Given data
===

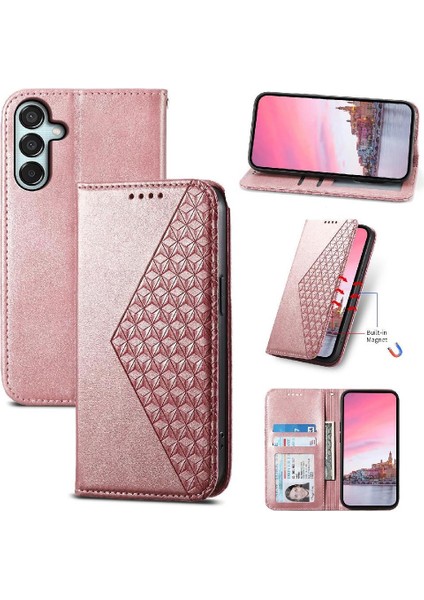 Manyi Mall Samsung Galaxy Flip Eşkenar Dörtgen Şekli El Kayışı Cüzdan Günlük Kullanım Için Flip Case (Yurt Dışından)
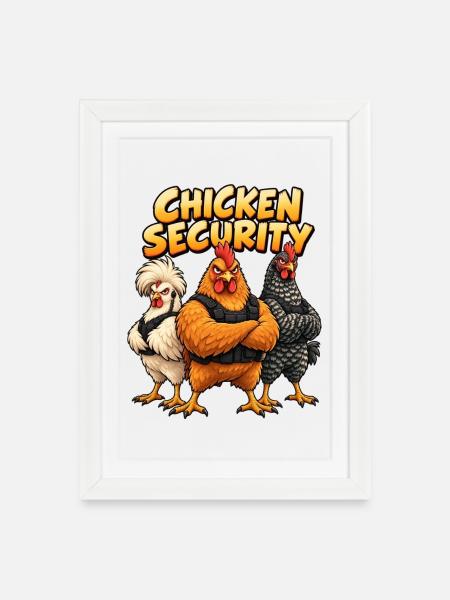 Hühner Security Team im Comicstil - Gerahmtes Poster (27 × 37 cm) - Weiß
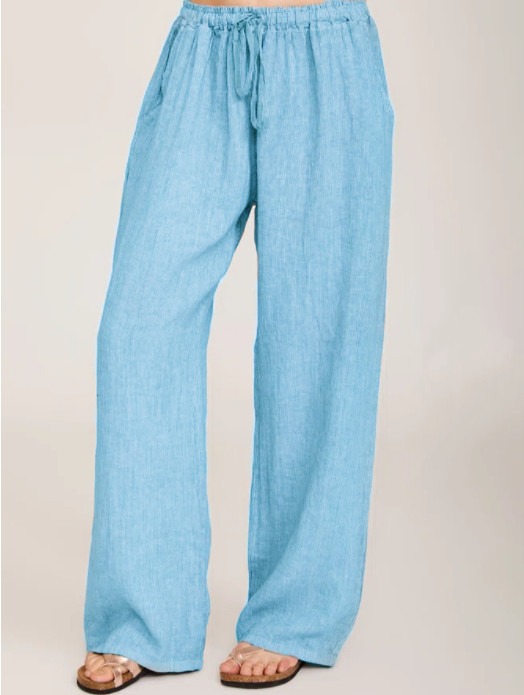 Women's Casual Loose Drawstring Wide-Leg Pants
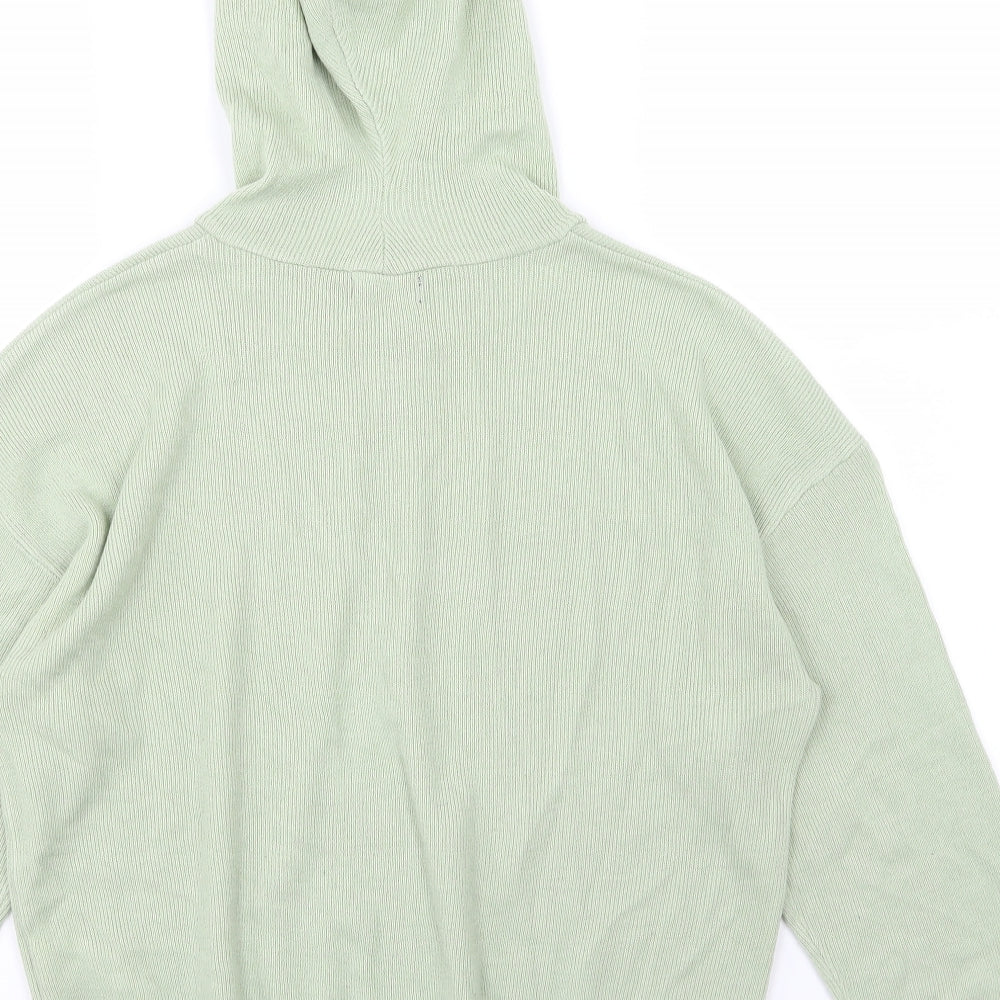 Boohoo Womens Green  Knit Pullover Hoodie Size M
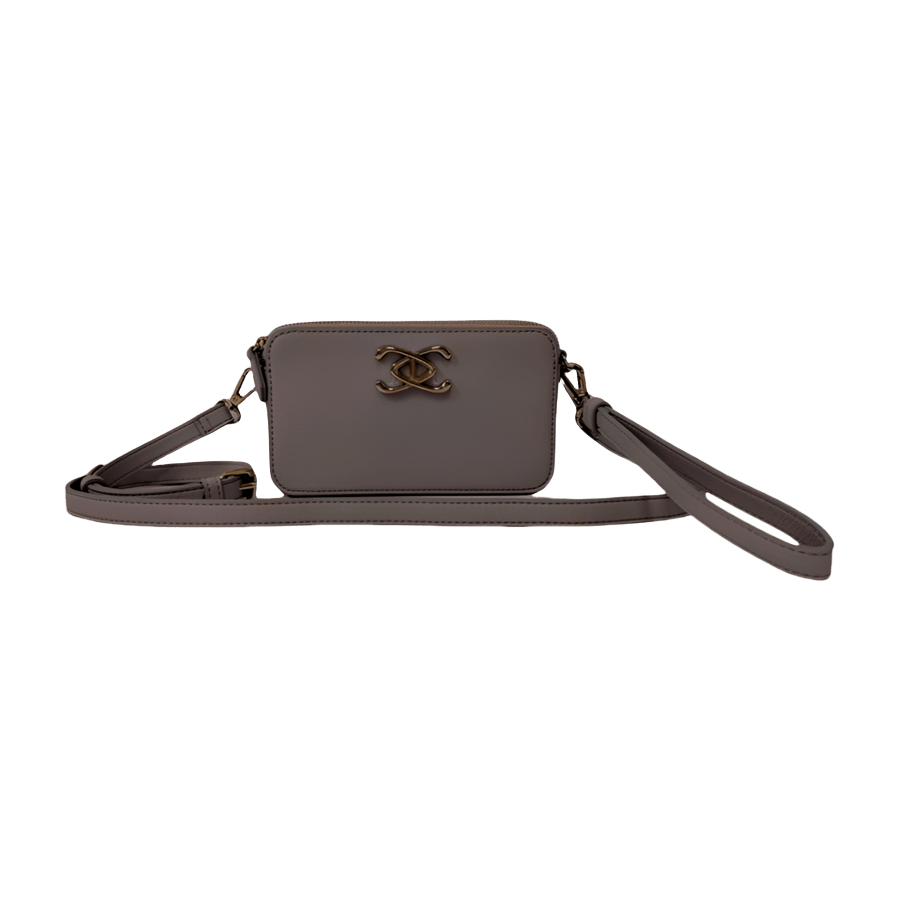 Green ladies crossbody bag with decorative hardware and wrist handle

===

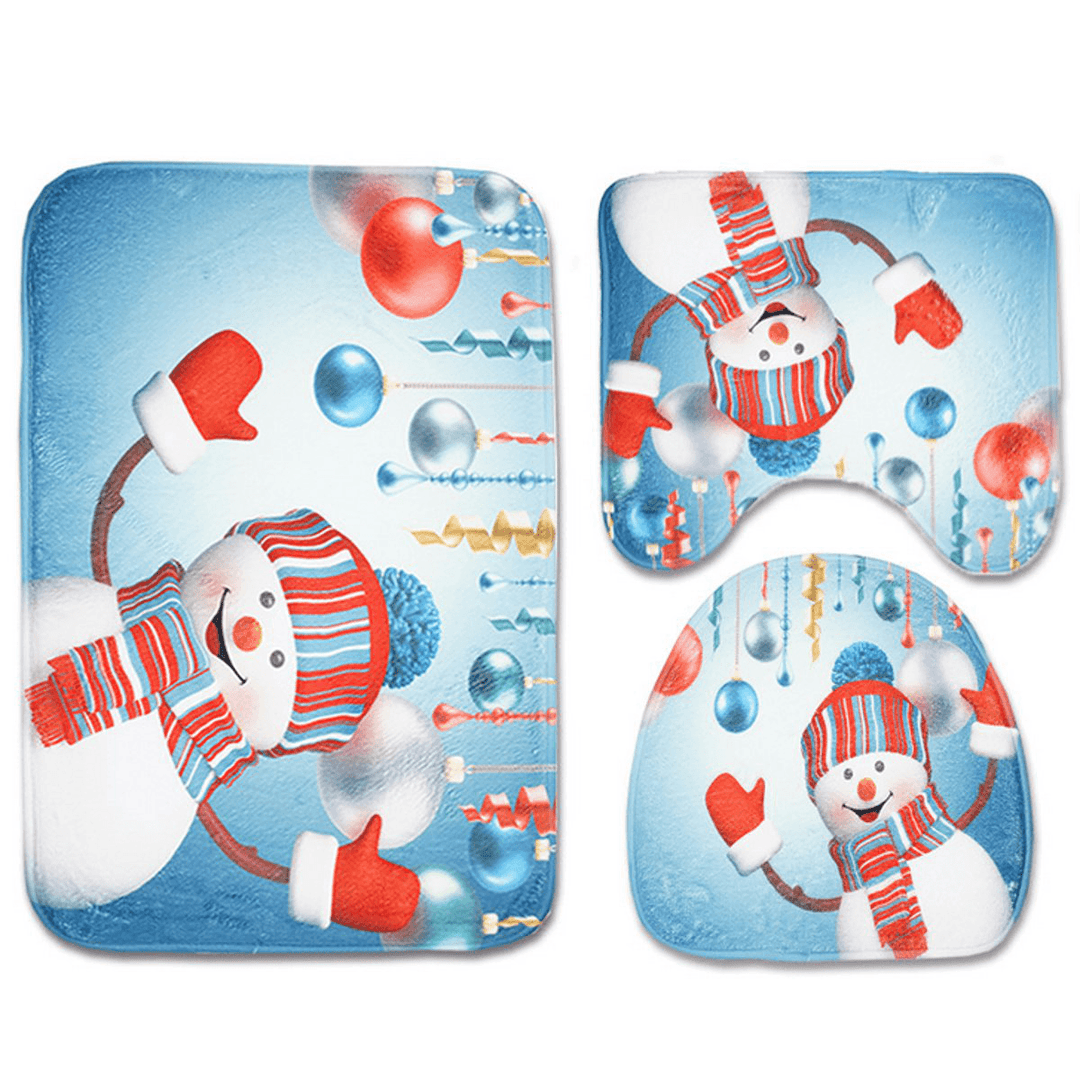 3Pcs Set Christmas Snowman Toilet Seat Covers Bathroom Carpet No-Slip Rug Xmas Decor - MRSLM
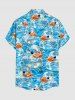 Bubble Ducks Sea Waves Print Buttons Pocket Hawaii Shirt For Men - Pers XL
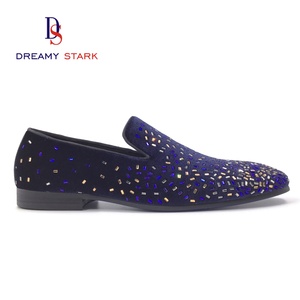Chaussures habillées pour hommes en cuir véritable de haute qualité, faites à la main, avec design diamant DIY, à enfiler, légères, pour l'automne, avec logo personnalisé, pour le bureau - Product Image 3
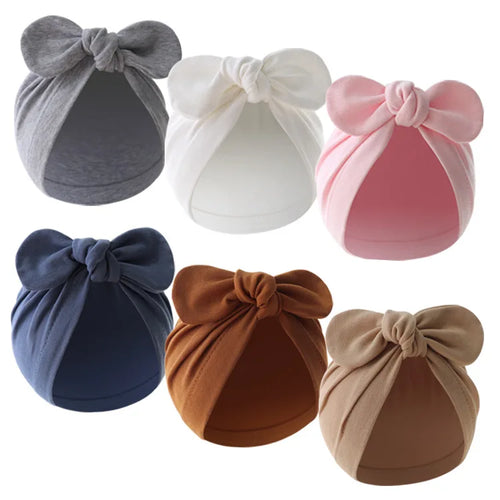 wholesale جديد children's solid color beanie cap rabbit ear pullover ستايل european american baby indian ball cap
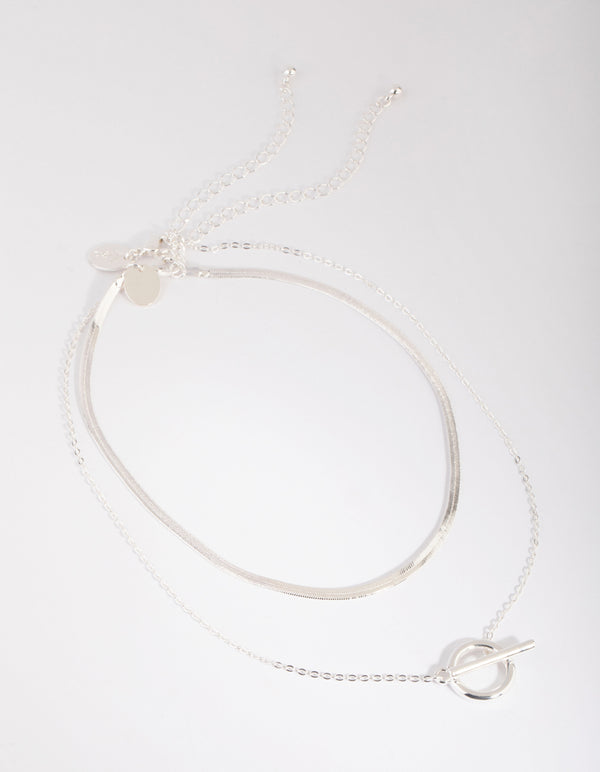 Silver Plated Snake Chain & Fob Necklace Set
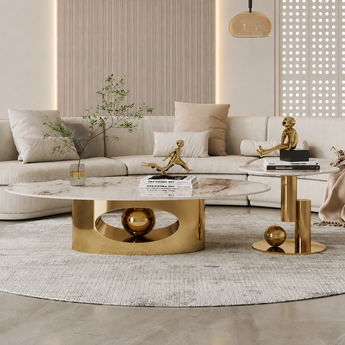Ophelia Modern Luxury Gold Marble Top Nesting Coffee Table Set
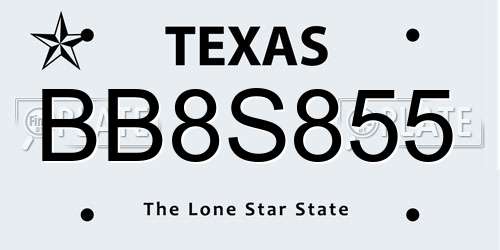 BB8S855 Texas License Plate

===

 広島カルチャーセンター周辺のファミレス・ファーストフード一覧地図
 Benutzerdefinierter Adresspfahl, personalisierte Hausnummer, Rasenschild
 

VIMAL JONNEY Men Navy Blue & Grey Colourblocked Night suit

===

What to produce
Reproduce the entries exactly, from the line with "Manyi Mall Samsung" to the line with "Green ladies crossbody", both lines included, keeping no pictures.

Output for this task
 Manyi Mall Samsung Galaxy Flip Eşkenar Dörtgen Şekli El Kayışı Cüzdan Günlük Kullanım Için Flip Case (Yurt Dışından)
 Hühner Security Team im Comicstil - Gerahmtes Poster (27 × 37 cm) - Weiß
 Women's Casual Loose Drawstring Wide-Leg Pants
 Boohoo Womens Green  Knit Pullover Hoodie Size M
 Green ladies crossbody bag with decorative hardware and wrist handle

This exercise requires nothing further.